We can’t make sense of election without union with Christ.
Paul writes in the opening of Ephesians,
Blessed be the God and Father of our Lord Jesus Christ, who has blessed us in Christ with every spiritual blessing in the heavenly places, even as he chose us in him before the foundation of the world. (Eph. 1:3-4; emphasis added)
We can’t make sense of election without union with Christ, because there is nothing inherent within us that would make us desirous to God. There is nothing in us worth choosing. But when we are united to Christ, it all starts to make a little more sense.
When Paul tells us that this choosing took place “before the foundation of the world,” he sends us into the marvelous and mysterious eternal counsel of the Godhead. More specifically, Paul refers to what theologians call the Covenant of Redemption.

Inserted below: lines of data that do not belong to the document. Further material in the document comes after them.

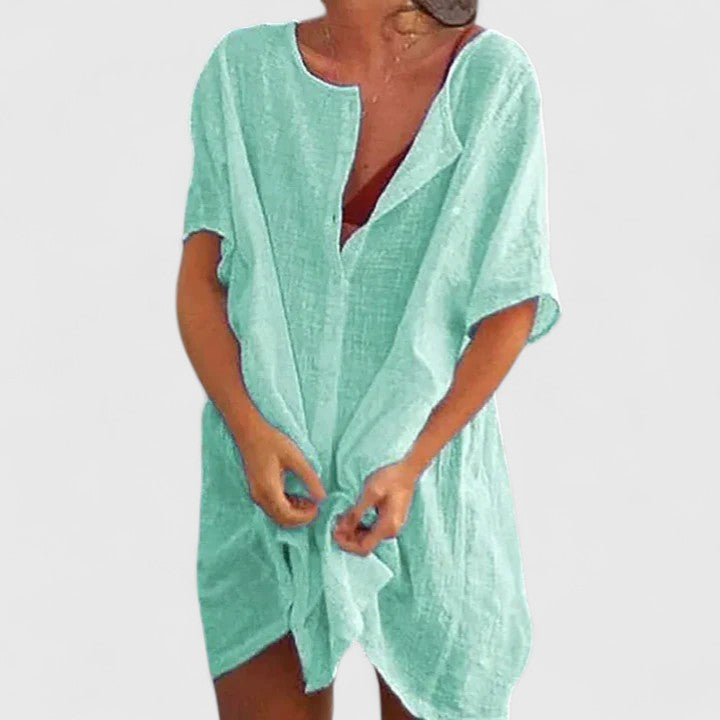 Women’s Loose Button Beach Cover-Up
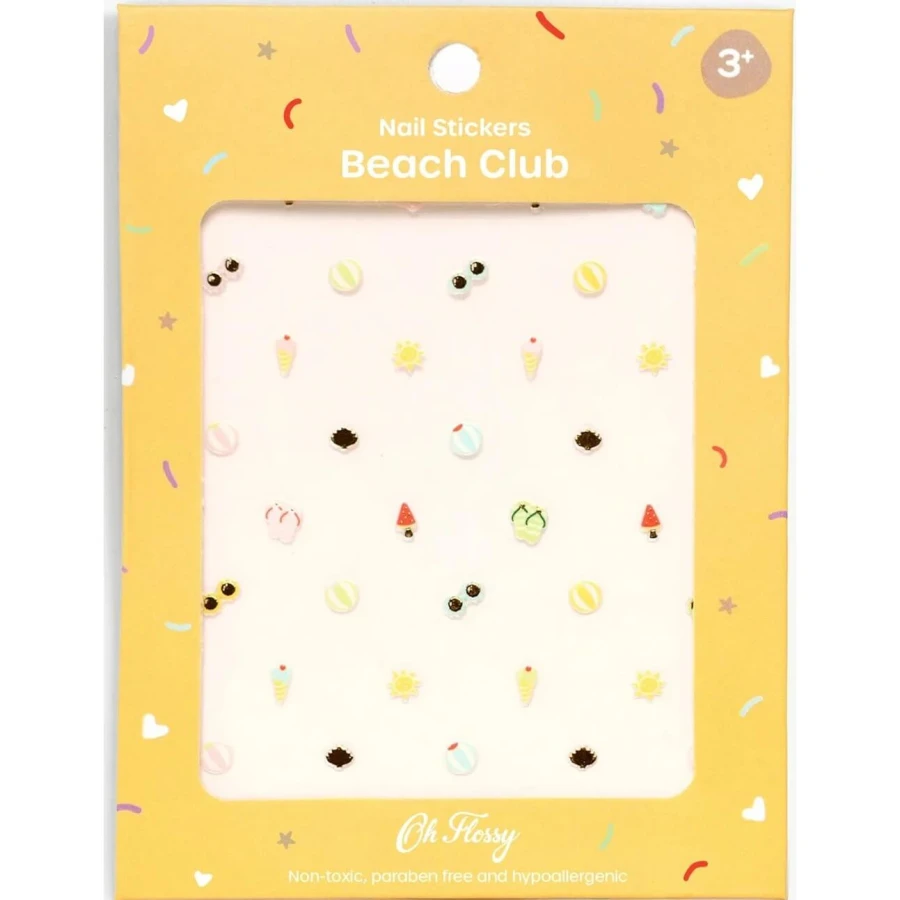 Naklejki na paznokcie dla dzieci - beach club, hipoalergiczne / Oh Flossy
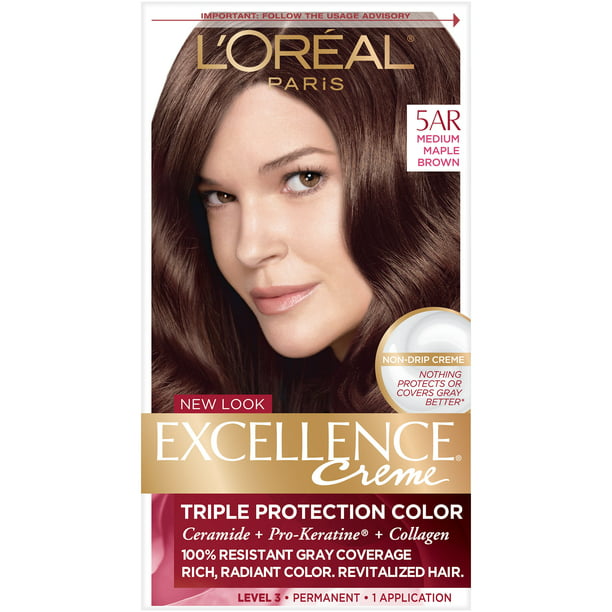 L'Oreal Paris Excellence Creme Permanent Hair Color, 5AR Medium Maple Brown  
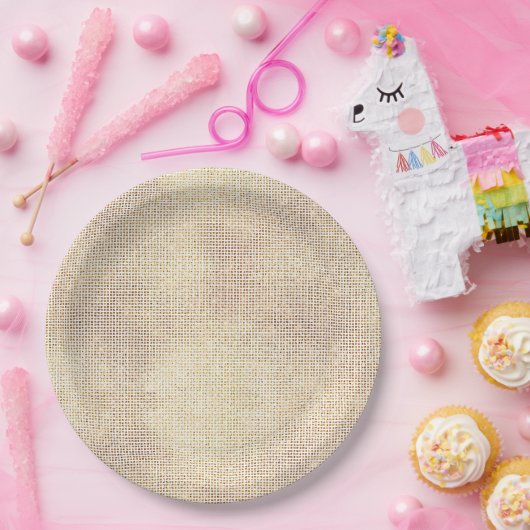 Glam Wit Goud Sparkle Papieren Bordje (Feest)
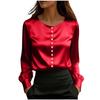 2026 Womens Satin Silk-Feel Short Sleeve T-Shirt With Pearl Embellished Round Neck Solid Color Casual Street Style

A covenant is a binding agreement between two or more parties. The Covenant of Redemption teaches us that the Trinity made a binding agreement before time began that the Father would send the Son who, equipped by the Spirit, would redeem the elect.
Christ came to the world with a purpose.
While it might sound overly heady and perhaps even speculative, the Covenant of Redemption can be understood quite simply by stating it this way: Christ came to the world with a purpose. He had an agenda. He had a particular people in mind to save. The redemption of sinners was not wishful thinking on his part, nor were the saved selected by lottery. Jesus speaks of this intention in John 17, in what is known as the High Priestly Prayer:
Jesus spoke these words, lifted up His eyes to heaven, and said: “Father, the hour has come. Glorify Your Son, that Your Son also may glorify You, as You have given Him authority over all flesh, that He should give eternal life to as many as You have given Him. And this is eternal life, that they may know You, the only true God, and Jesus Christ whom You have sent. I have glorified You on the earth. I have finished the work which You have given Me to do. And now, O Father, glorify Me together with Yourself, with the glory which I had with You before the world was.” (John 17:1–5)

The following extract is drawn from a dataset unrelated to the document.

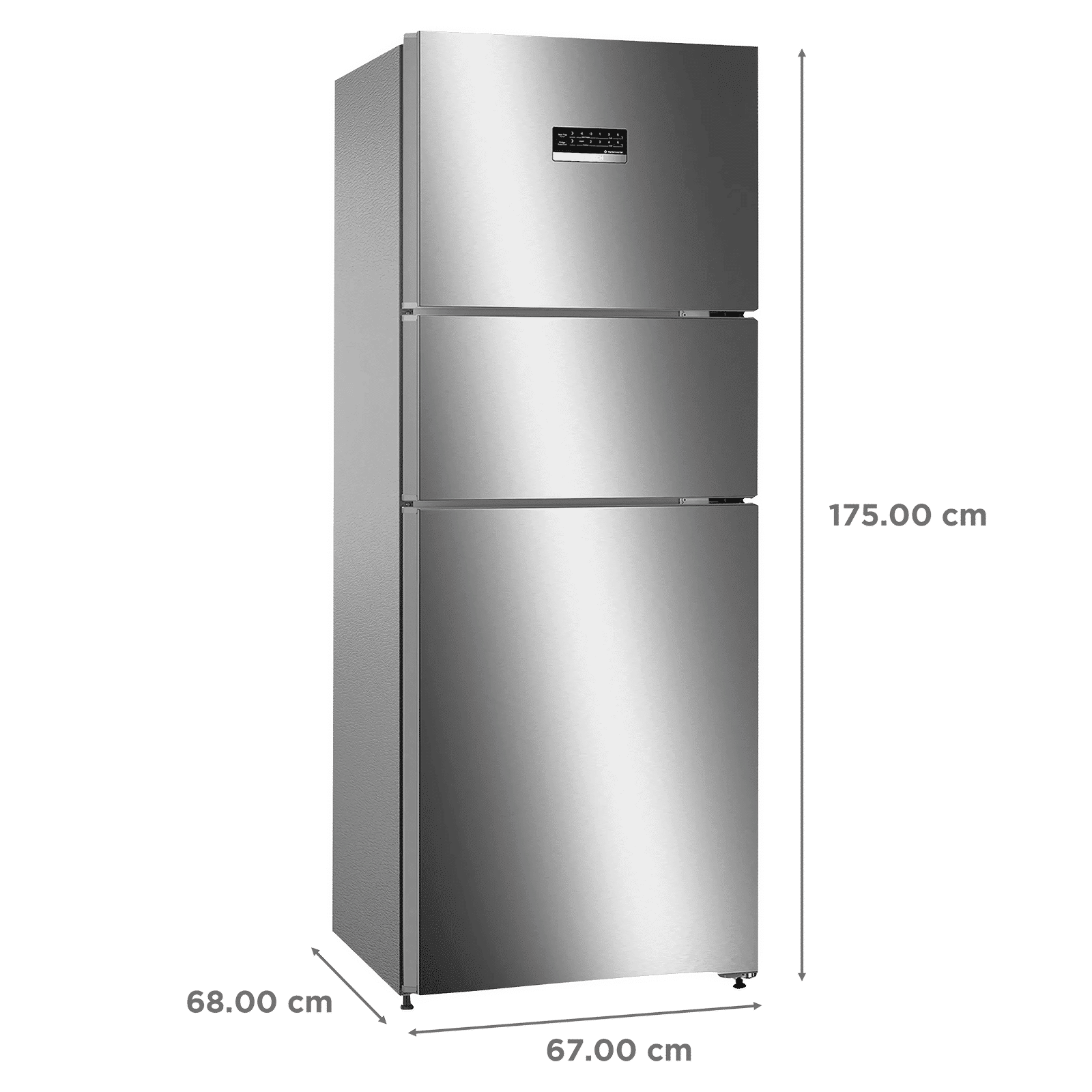 BOSCH Series 4 303 Litres Frost Free Triple Door Convertible Refrigerator with Temperature Display (CMC33K05NI, Smoky Steel) BOSCH Series 4 303 Litres Frost Free Triple Door Convertible Refrigerator with Temperature Display (CMC33K05NI, Smoky Steel)_3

Jesus came to give eternal life to all whom the Father had given Him. This is the mission Jesus was on, or as he says, “the work that you gave me to do” (see also John 6:37-39). Paul’s words in the opening of Ephesians fill in the picture of what Jesus is referring to here—namely, that to be chosen in Christ means to be part of the eternal will of the Trinity for the redemption of mankind.
Jesus came to save his body, his bride, the church.

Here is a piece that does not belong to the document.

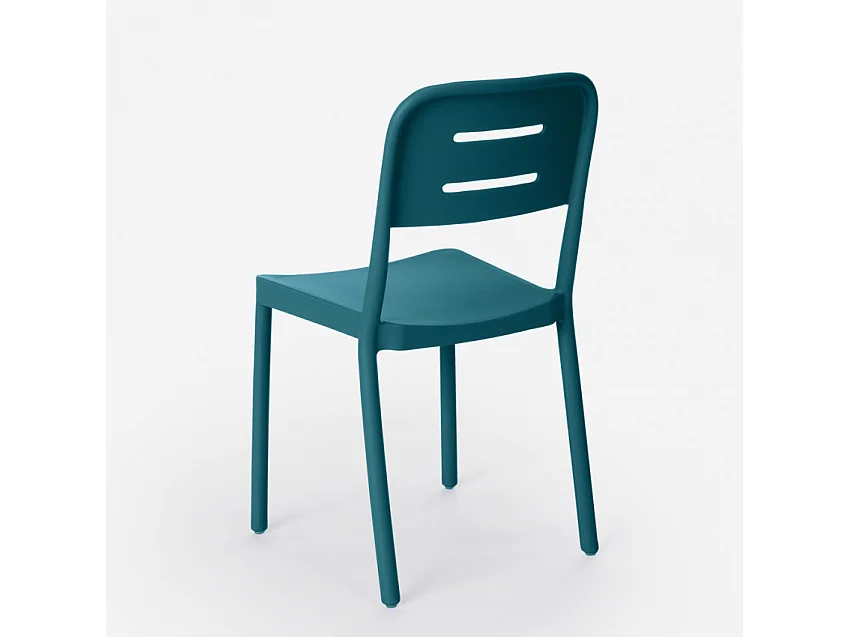 Silla de diseño moderno de polipropileno para bar, cocina, restaurante y jardín Mose - Azul Marino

Even through all eternity God was contemplating us—but he was always contemplating us in Christ. If it weren’t for this last bit, it would be a terrifying thought. But thanks be to God for our Lord Jesus Christ! The Father’s love was towards us because his love has always been towards his Son. Wilhelmus รก Brakel notes:
Love moved the Father and love moved the Lord Jesus. It is a covenant of love between those whose love proceeds within themselves, without there being any lovableness in the object of this love.”[1]
God was thinking of us, not in and of ourselves, and certainly not in and of our sin, but truly in and of His Son. We are in His Son in the sense that we were the people given to His Son. He came to earth to represent us. He came to earth for us. Jesus came to save his body, his bride, the church (Eph. 5:23, 25)—the people whom He has been united to and appointed to represent since eternity.
In one sense it is right to say we have always been united to Christ.
You see, there is a right and proper sense in which we must say we are not united to Christ until we put our faith in him. That is, without faith we have no Spirit to draw us to and into Christ. The Westminster Shorter Catechism says the Spirit applies the saving benefits of redemption to us “by working faith in us and thereby uniting us to Christ” (WSC 30). Spiritually, really and truly, we have no union until we have faith.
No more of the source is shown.